医語よろしく
2007年1月〜
2007.7.7
だいぶんまともになってきた!?
先日、大学の同期の友人から、乳がんの患者さんのことで問い合わせの電話があった。彼は県内の大きな病院の実質的な外科部長、彼の外科チームでは数人のスタッフで、乳がんの手術を年間70−80例は手がけていると言っていたが、特に乳腺が専門というわけでないので、以前から、乳がんの治療に関して疑問や聞きたいことがあると、いつも乳腺専門医の私に電話で尋ねてきていた。

今回はおよそ半年ぶりくらいになるが、彼から電話がかかってくる時は、たいてい私は車の運転中で、今回も街の中を走行中。どうやら話が長くなりそうなので車を道の端に止めて彼の電話につきあうことにした。途中、パトロール中の警察の車が、私の車の横を2−3度通り過ぎて、お巡りさんが私の顔をのぞき込んでいった。「携帯で話しながら走ったら道路交通法違反ですぐにとっつかまえるぞ」vs.「へへんだ、そんな道交法に抵触するような間抜けなこたあしねえよ、ずーっと止まって喋ってれば、文句あるまい!」てな暗黙下の火花が、パトカーのお巡りさんと携帯通話中の私との間に、バチバチ飛びかっていたことは言うまでもない。

今日はそんな話がしたいのではなくて、電話の中身の話、つまり乳がんの診療に関する相談の話である。今回は3−4人分の患者さんのことをためていたらしく、一気にたくさんのことを聞かれたが、その相談の全てが、乳がんの全身薬剤治療(くすり)の話であった。以前は手術のことも診断のことも結構尋ねられたりしたが、今回は全て「くすり」の話であったことにまず驚いた。
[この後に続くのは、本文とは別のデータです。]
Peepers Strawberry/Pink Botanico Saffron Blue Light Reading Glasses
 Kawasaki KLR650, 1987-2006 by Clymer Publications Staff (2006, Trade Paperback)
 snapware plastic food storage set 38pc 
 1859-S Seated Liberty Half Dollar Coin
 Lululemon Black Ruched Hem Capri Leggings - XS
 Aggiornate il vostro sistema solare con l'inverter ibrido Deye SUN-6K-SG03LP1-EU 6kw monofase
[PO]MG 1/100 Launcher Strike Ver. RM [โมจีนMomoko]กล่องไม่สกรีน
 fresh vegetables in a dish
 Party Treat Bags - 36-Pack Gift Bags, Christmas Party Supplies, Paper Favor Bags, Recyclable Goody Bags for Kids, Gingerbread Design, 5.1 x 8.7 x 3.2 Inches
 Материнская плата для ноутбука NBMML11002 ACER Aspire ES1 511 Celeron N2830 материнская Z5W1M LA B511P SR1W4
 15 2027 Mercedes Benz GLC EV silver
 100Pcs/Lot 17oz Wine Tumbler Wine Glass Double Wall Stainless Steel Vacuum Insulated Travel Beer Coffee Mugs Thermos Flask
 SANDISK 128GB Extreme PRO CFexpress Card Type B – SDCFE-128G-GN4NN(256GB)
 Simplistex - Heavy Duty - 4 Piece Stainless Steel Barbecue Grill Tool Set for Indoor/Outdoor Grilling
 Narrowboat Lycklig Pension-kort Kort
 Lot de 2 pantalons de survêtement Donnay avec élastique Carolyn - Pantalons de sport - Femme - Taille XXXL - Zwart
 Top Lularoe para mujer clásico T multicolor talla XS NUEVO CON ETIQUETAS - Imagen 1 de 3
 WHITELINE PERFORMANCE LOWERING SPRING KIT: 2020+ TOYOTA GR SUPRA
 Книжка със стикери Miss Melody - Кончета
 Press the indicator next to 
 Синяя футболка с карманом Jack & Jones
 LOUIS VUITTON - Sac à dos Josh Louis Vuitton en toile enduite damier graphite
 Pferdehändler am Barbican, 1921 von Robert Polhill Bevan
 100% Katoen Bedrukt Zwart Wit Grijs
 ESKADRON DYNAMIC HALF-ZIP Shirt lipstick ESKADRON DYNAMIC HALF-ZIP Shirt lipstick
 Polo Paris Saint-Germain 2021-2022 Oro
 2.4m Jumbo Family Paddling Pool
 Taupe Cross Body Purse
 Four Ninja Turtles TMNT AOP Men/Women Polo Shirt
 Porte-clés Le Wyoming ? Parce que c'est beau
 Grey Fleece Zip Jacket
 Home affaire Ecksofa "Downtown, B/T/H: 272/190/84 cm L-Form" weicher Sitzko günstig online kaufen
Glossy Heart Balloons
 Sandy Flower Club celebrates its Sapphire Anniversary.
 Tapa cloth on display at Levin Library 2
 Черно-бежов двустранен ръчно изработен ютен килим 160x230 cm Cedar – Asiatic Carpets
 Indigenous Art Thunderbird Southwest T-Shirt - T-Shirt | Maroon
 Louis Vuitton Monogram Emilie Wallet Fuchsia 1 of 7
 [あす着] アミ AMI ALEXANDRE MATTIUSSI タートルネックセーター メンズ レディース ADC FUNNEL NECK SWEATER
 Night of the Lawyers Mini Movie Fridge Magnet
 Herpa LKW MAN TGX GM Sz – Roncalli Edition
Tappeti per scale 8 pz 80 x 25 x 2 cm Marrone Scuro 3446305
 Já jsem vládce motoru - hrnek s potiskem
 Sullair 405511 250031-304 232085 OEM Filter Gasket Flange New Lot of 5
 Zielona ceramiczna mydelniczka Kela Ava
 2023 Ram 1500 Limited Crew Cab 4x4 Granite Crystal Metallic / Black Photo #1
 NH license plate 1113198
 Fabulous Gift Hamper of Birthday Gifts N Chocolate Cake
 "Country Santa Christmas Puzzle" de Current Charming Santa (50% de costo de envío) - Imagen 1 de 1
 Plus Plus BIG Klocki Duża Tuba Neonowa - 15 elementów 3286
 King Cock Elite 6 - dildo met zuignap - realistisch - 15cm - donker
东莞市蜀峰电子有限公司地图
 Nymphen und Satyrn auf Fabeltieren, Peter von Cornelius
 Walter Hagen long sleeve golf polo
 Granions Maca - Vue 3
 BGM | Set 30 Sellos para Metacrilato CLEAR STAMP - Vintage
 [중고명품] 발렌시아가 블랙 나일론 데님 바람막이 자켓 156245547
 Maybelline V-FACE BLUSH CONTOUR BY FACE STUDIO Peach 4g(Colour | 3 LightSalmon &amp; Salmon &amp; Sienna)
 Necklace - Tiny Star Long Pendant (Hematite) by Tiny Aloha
「この患者さんは○○な病状で、これまで▲▲の抗がん剤をやったんだけど、今すこし病状がかわって・・その後どうしたらいい?次は××という薬でいいかなあ・・」「こういう患者さんで結構薬が効いているんだけど、これいつまで続ければいい?」
ってな内容の相談である。
ひと通り数人分の患者さんの相談が終わってから、まず彼に伝えたこと・・
「結構、まともな、きちんとした治療やるようになったなあ・・」

数年前のこと、彼の病院の外科のスタッフ達相手に、最新の乳がん治療に関する話題を提供すべく勉強会の講師をした。1時間ほど講義をした後に、質問を受けつつ症例検討をしたのであるが、そのときの印象は、・・・・
正直申し訳ないけれども、標準的治療からはかけ離れた、結構いい加減で勝手な治療をしていたので、地域の重要な中核病院でまともな治療ができてないとすると、患者さん達はずいぶん不利益を被るなあ、・・・と、えらく心配をしてしまったのであるが・・

今回の電話の質問の中身に出てくる彼らの治療は、ほぼ標準的な治療にふさわしく、さらにプラスαで尋ねられる質問の内容も、専門医の私ですら頭を悩ませるような難しい質問が多かったから、思わず・・「まともな治療をするようになったなあ」と言ってしまったわけである。

2年ごとに開催されるスイスのザンクトガレンでの乳がん初期(薬物)治療のコンセンサスミーテイングの結果や、米国からの診療ガイドライン、日本のガイドラインなど、いわゆる治療の手引き、教科書に相当する標準的な治療の情報が、ずいぶん広まってきたことは間違いない。10年ひと昔というが、90年代の後半には、乳がんを専門に診ていた外科医ですら、その当時話題になり始めた海外のガイドラインやEBM(evidence based medicine )の考え方には、なかなかついて行けないところが多かった。・・しかし、それが最近では日本の多くの先生方が、特に乳腺が専門でない先生でも、診療の道しるべとして当たり前のようにこれらのガイドラインや国際会議の決めごとを利用するようになった。この同期の彼も多分に、このような治療の標準化の流れに従って現在に至ったに違いない。先週横浜で行われた乳癌学会の中でも、薬物治療ガイドラインが3年ぶりに改定になり、更に診療に役立つテキストになったことがアナウンスされて、ますます、日本全国の乳がん治療は皆に等しく確実におこなわれていくであろう。喜ばしいことである。

そうなると、彼からの相談の電話も、もうあまりかかってこなくなるのかなあ・・同期なんだから、たまには電話よこせよな・・・(なんてこっちからしたことなんか一度もないのだが・・)だいぶまともになった日本の乳がん治療に、うれし悲しの乳腺専門医からでした。